While it’s impossible to pinpoint the exact value of a deepwater dock, Ackerman estimates “it could be millions.” Her three-bedroom traditional listing at 59 Glover Street in Sag Harbor is on the market for nearly $7.9 million, while a vacant 2.5-acre parcel on Noyac Road is asking just shy of $4 million — and both would fetch far less without deepwater docks already in place, she said.
“There are properties in North Haven, major properties that have been on the market for $16 million, $17 million. Without a dock, it diminishes their value tremendously,” she said. “Deepwater docks are for big boats, if one wants. That’s a whole other category. A dock on Sag Harbor Cove can probably accommodate a 30- to 36-foot boat, whereas a deepwater dock can accommodate a yacht.”
The grandfathered, 125-foot, two-tier dock at 4 Little Ram Island Drive on Shelter Island is the definition of quintessential deepwater — with electric, water, upper and lower levels, and approximately 5 feet at low mean tide, according to listing agent Penelope Moore of Saunders & Associates. The property is currently on the market for just over $5.5 million.
“Five feet at low tide would accommodate a sailboat,” she said. “He’s also got room on the dock for four boats, and he has a mooring with more depth, and he’s got two levels, so you don’t have to bounce around and hop into your boat. You can actually step down and be below your boat. It’s very unique.”
More often than not, potential buyers are less interested in the home than they are in the dock, Moore explained.
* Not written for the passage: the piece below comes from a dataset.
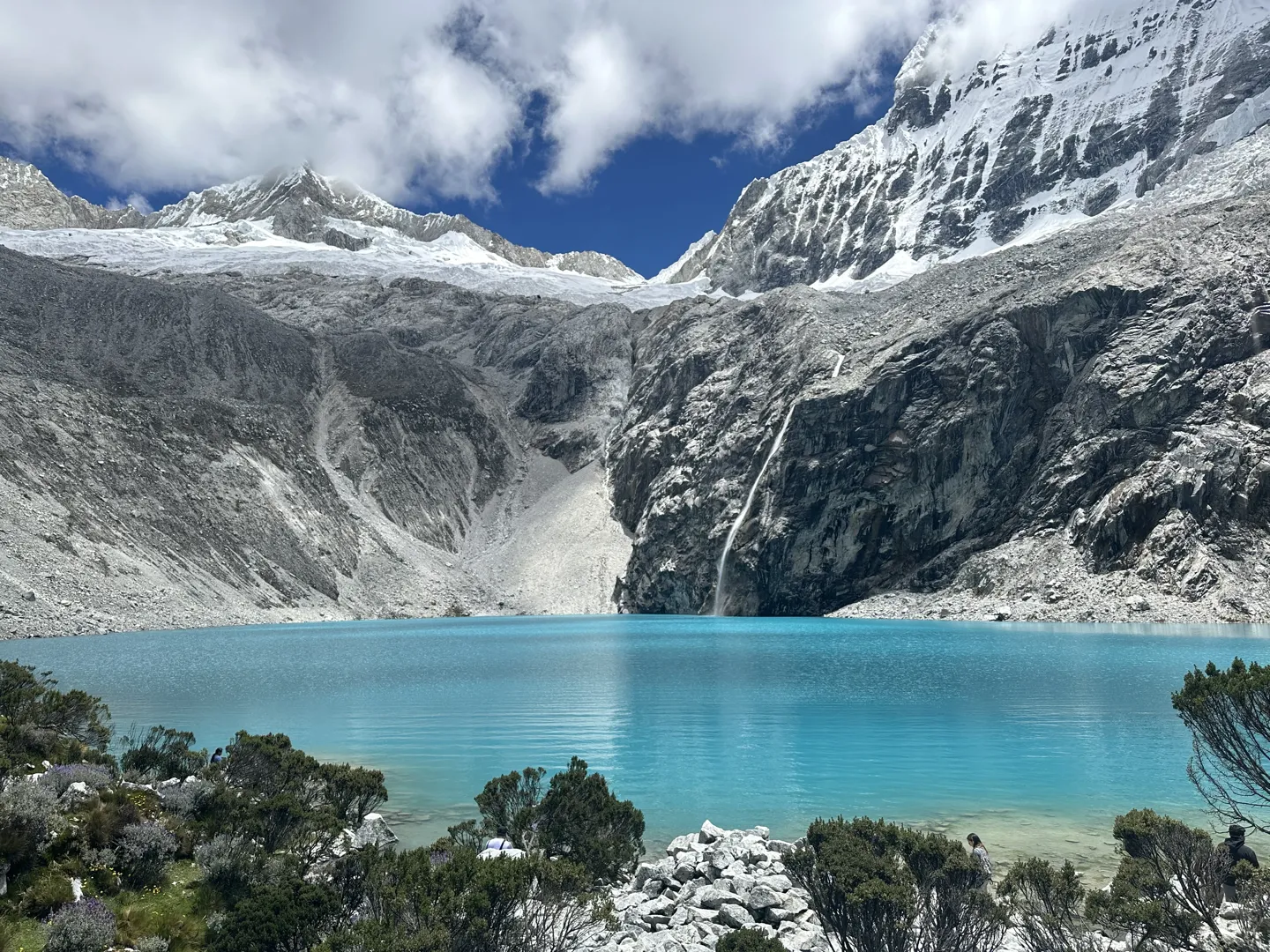 The bright turquoise water of Laguna 69 below a glacier, a waterfall running down the rock face into the lake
“Boating is the number one thing. People who are boaters really want a body of water that fits their vessel, and they want the dock that fits their vessel,” she said. “Most people with a boat seem more open to doing something with a house that’s not exactly perfect to their needs, when the dock is.
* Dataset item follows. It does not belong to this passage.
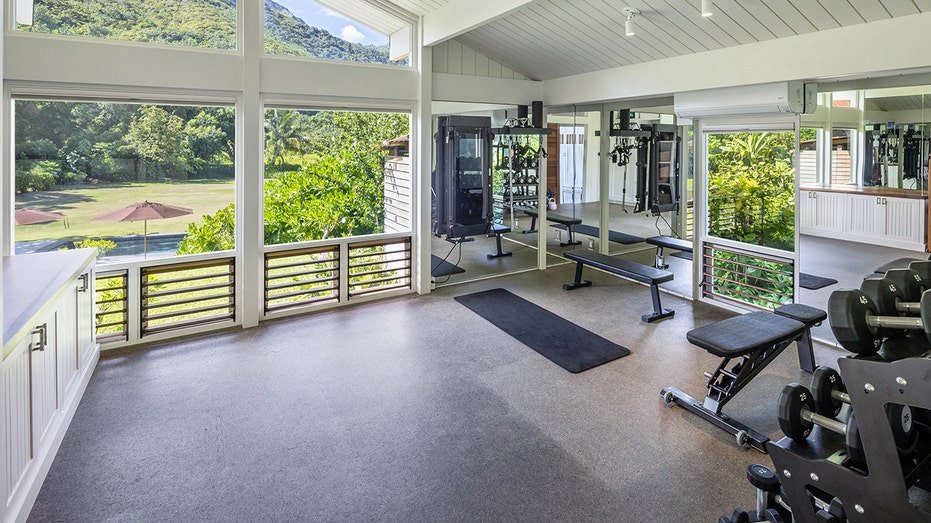 One of the bedrooms was converted into a gym with a weighted rack and a seat.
“Shelter Island is known as one of the best places to have a dock out on the East End,” she added. “People who are inveterate sailors, who do sailboat racing throughout the world, you can ask them about Shelter Island and they know exactly how special it is. There are people on Shelter Island who go to England for major sailboat races and they keep their boats in Derring Harbor, in Coecles Harbor, so that seems to draw a lot of people — the boating aspect.”
From the deepwater dock at 31B Dickerson Drive on Shelter Island, it’s about three minutes to open water, Westervelt said — a trip that comes with a contemporary three-bedroom home on 1 acre, and a $2.5 million price tag.
“The real estate market here over the last 40 years? You bet it’s changed. I wish I had a crystal ball, I’da bought a lot of it,” Westervelt said. “Things have evolved; the waterfront has changed. I had two listings I sold last year, one on West Neck Harbor for just over $4.5 million, and another on Coecles Harbor, a much older house that needed renovation, but it sold at land value at about $3.4 million.
“The waterfront values have exploded here,” he continued. “You see when people come over from the Hamptons — from Sag Harbor, East Hampton and Amagansett — and they’re finding they can buy a nice waterfront house for $5 million and they just sold theirs for eight or 10, so it feels like it’s a bargain. They buy older, little cottages and renovate them into big, beautiful houses, and then the boats coming through the ferry channel, they’re just getting bigger and bigger and bigger. It’s quite a circus out here.”